# Spurs sign Keith Bogans



## HB (May 1, 2004)

Link



> Free-agent swingman Keith Bogans will sign a one-year contract with the San Antonio Spurs, sources confirmed Monday to FanHouse.
> 
> Bogans, a solid defensive player, is being looked at as an heir apparent to Bruce Bowen, who retired recently after being San Antonio's perimeter defensive stopper throughout much of the decade. The Spurs had been grooming Ime Udoka for that role, but they are electing not to bring him back as a free agent after he played two seasons with the team.
> 
> Bogans, who will sign a guaranteed deal worth the minimum of $1.03 million, last season averaged 6.0 points for Milwaukee.

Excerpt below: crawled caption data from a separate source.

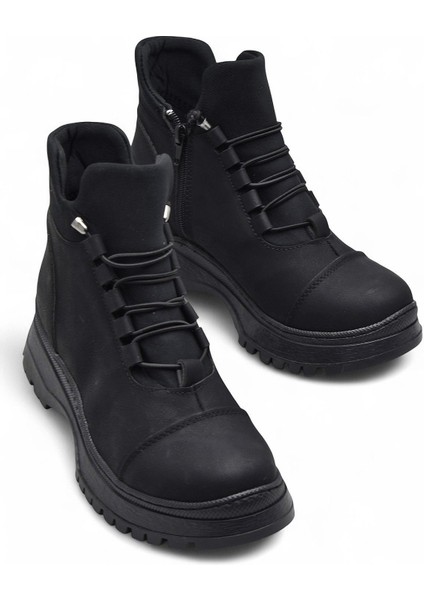 4561 Kadın Bot Ayakkabı Kaymaz Taban Fermuarlı Bağcıklı Günlük Kadın Bot indirimleri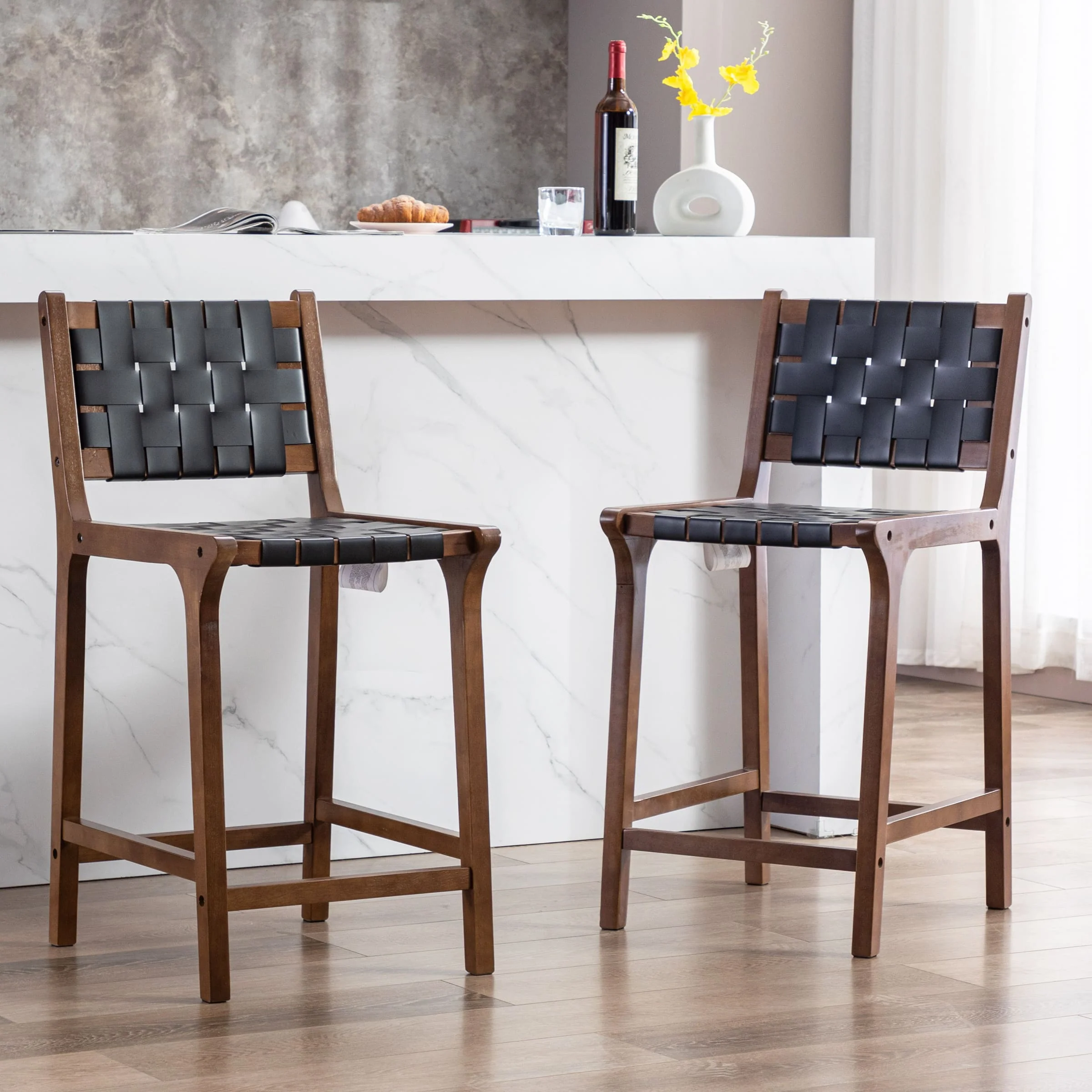 Leather Woven Strap Seat Counter Stools Set of 2 - 5703CS - Image 16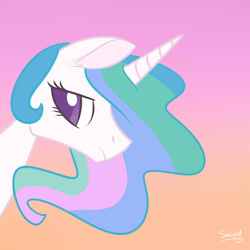 Size: 900x900 | Tagged: safe, artist:flourret, princess celestia, alicorn, pony, g4, bust, ear fluff, evening, female, frown, gradient background, mare, missing accessory, outdoors, portrait, sad, signature, sky, solo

He has a 7.5 average over six seasons.


----------



## Chan Ho Nam (Jan 9, 2007)

anything's better than Bonner


----------



## Kidd (Jul 2, 2009)

Good shooter, good defender, great price.


----------



## roux (Jun 20, 2006)

I liked Bogans last year, cant think of a better guy to bring in garbage time... good signing


----------



## FreeMason Jr. (Jul 12, 2004)

Looks like Hairston might be going back to the Toros.


----------



## HB (May 1, 2004)

I didnt know Mcclinto was waived


----------



## c_dog (Sep 15, 2002)

they can still use some young bigman though. and not udonis haslem type but a legit 6'10 or taller guy. would have been awesome to get okafor.


----------



## BlueBaron (May 11, 2003)

Glad they got Bogans, he's pretty solid.


----------